## PROMPT
Copying rule for the data below: take the line containing "A Brazilian Perspective" and every line after it to the end, exactly, and drop all pictures.

## RECORD EXTRACTS

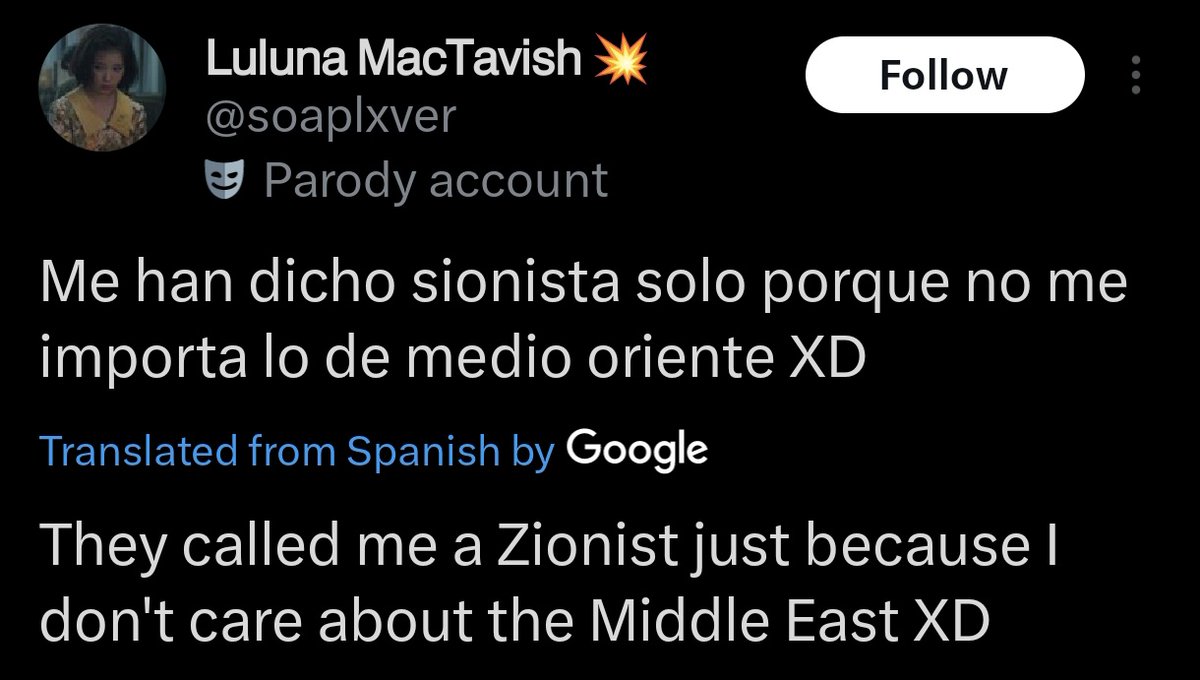 azraelios's tweet image. SAOKO.⠀ consider this a callout post about @prxttyshxrtie ( MANY of you are following, btw ). translations 👇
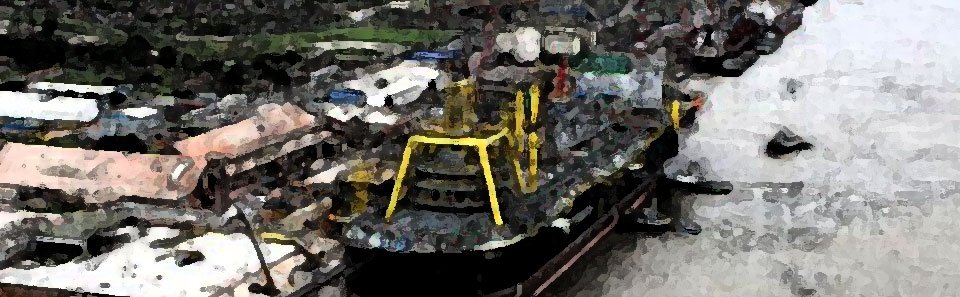 New Economic Thinking, Teaching and Policy Perspectives – 
A Brazilian Perspective within a Global Dialogue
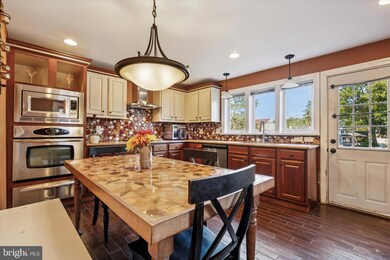 617 Manchester Ave, Media, PA 19063 - photo 6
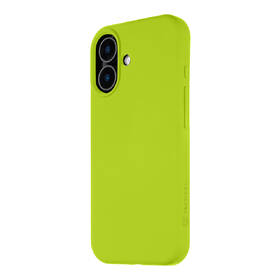 Kryt na mobil Tactical MagForce Velvet Smoothie na Apple iPhone 17 zelený

 obrázek produktu 2 z 4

## ANSWER BELOW
A Brazilian Perspective within a Global Dialogue
 617 Manchester Ave, Media, PA 19063 - photo 6
 Kryt na mobil Tactical MagForce Velvet Smoothie na Apple iPhone 17 zelený

 obrázek produktu 2 z 4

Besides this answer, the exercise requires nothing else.